My younger brother is fond of going for mountain climbing. The problem is he doesn’t have a sleeping bag to use. One day, he came to me and asked if I could buy him a sleeping bag. During that time, I didn’t have spare money to grant his wish. So I thought of putting together ideas and make him a sleeping bag instead. I searched my cupboard and I took out old stuff that I did not use anymore. I told myself that these would be perfect materials for me to start making my brother a sleeping bag. Below are the 10 steps I did in making a sleeping bag. And believe me, it was so easy to do—If you can tie a knot, you can make a sleeping bag!
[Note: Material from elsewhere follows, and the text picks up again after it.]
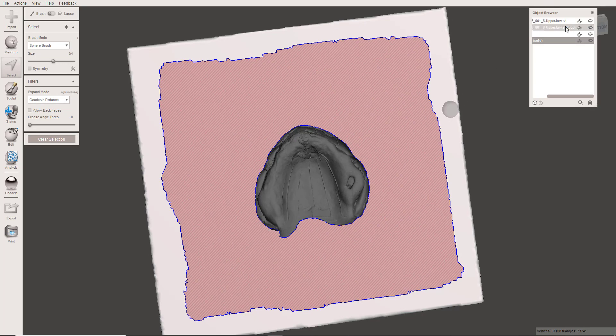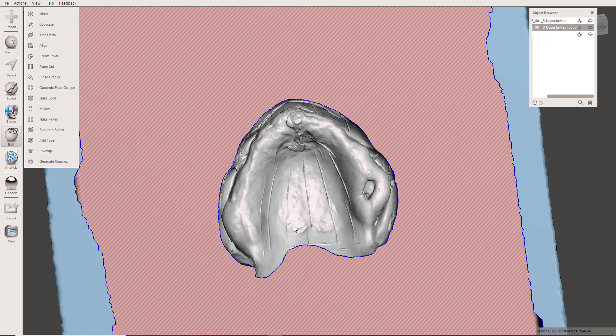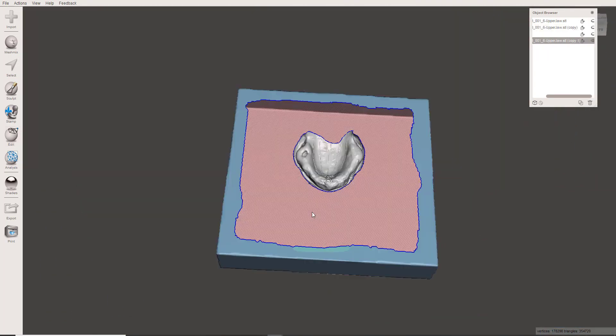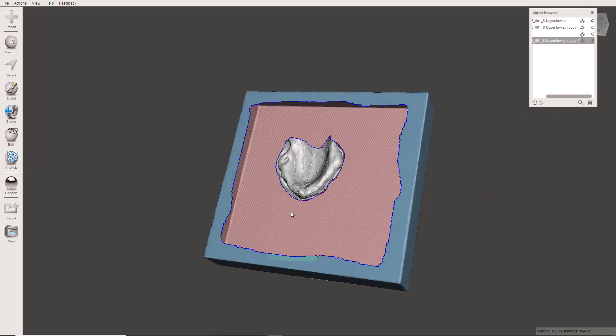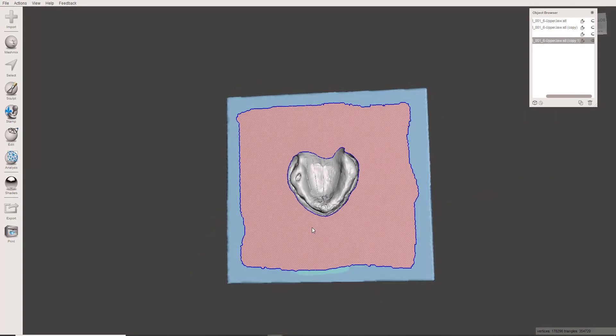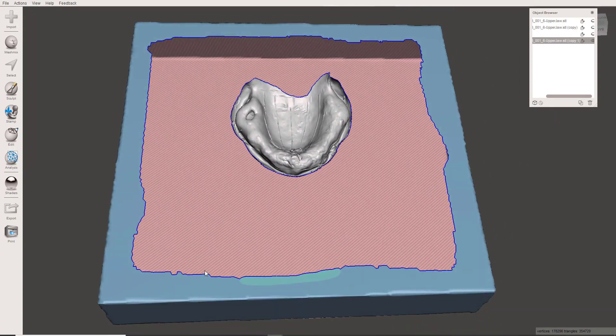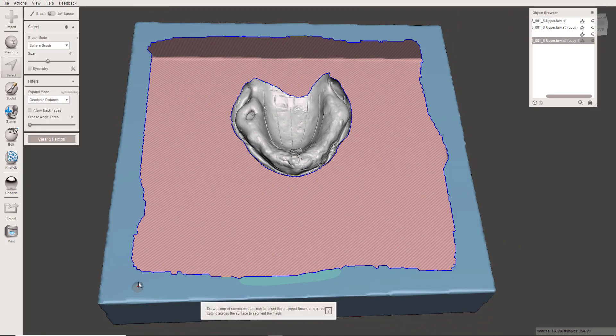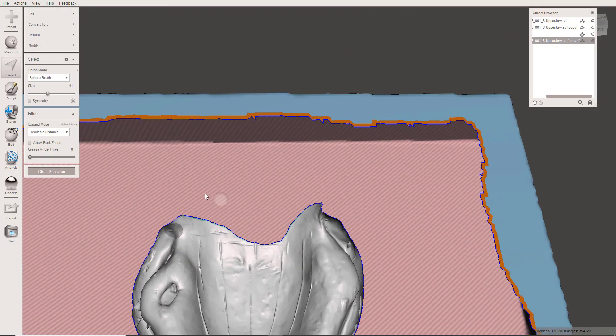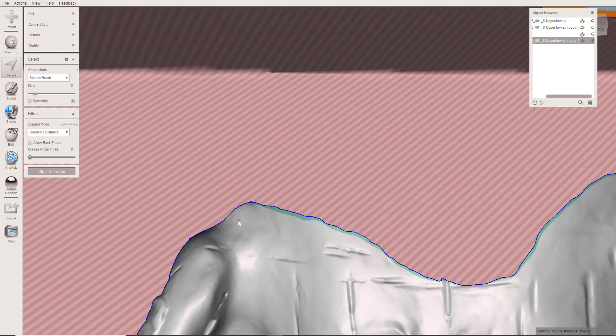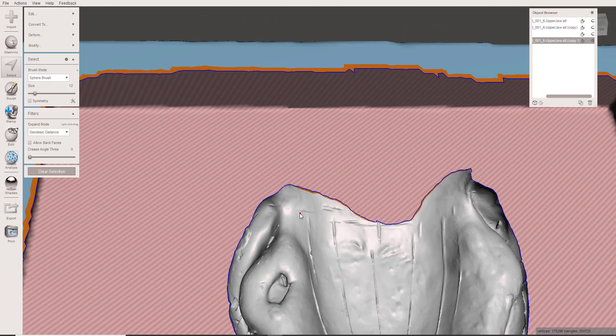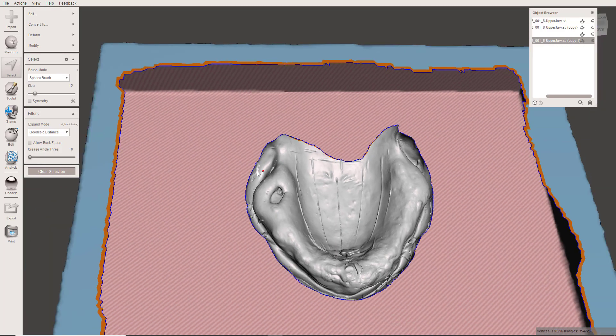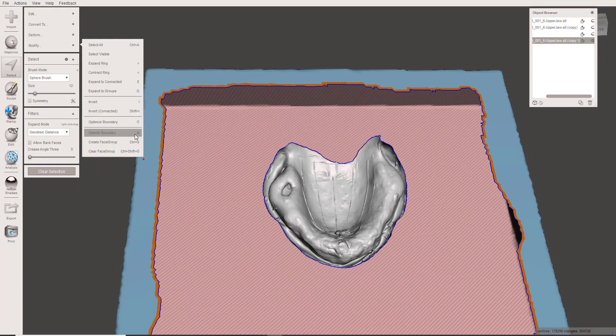You're going to start by combining these models. You've got to have them as a single STL. You see the model now, and we have joined these two things together. So what I'm going to do now is come over with the Select tool, and I'm going to select this portion of the boundary, and then using a small piece so I don't mess up this mesh, I'm going to come and select that one. Let's go ahead and make sure we optimize those boundaries and smooth those boundaries.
- Make a 7-foot square piece from recycled textile
- Make a second 7-foot square
- Sew the 2 squares together along one edge
- Lay out the bag (Make a work space by finding a clear floor area.)
- Stuff the bag by layering soft, old clothes, sweaters, t-shirts, torn blankets, or mattress pad on top of the back side of the inside (Just like filling a sandwich!)
- Put the top on your sandwich. Pull the outward square over the stuffed inside square and straighten them out so they are both smooth.
- Tie the layers of your sandwich together. In doing this, you will be needing needles with big eyes and sharp points. You will also need some strong strings or sturdy yarn to tie the layers together.
- Take a stitch and tie a knot. Push the needle down from the top, cross over about one-half inch underneath and come back up. Tie a double knot. If the stuffing is small pieces of textiles, you need to tie about every six inches.
- Add ties. These ties can be made from old ties or strips of fabrics. Before you close up the bag, you are going to pin the ties on the bottom edge of the sleeping bag. That is because they have to end up outside. Pin one tie seven inches from the edge and the other, 14 inches from the edge.
- Fold the bag in half lengthwise and sew it shut. Sew around the outside about 2 or 3 inches from the edge using your big needles. This seam allowance acts as a baffle inside the bag to keep cold air out. Back stitch or tie a knot occasionally as you go to make the seam extra sturdy. Turn the bag sight side out and roll it up. The ties become sort of straps for carrying the bag during the day.
Why don’t you try this at home? Have your kids join you in making your own sleeping bag. This will foster bonding time between you and your kids. You can also make several bags and sell them for you to have a secondary income. Or, you can give them as gifts during special occasions.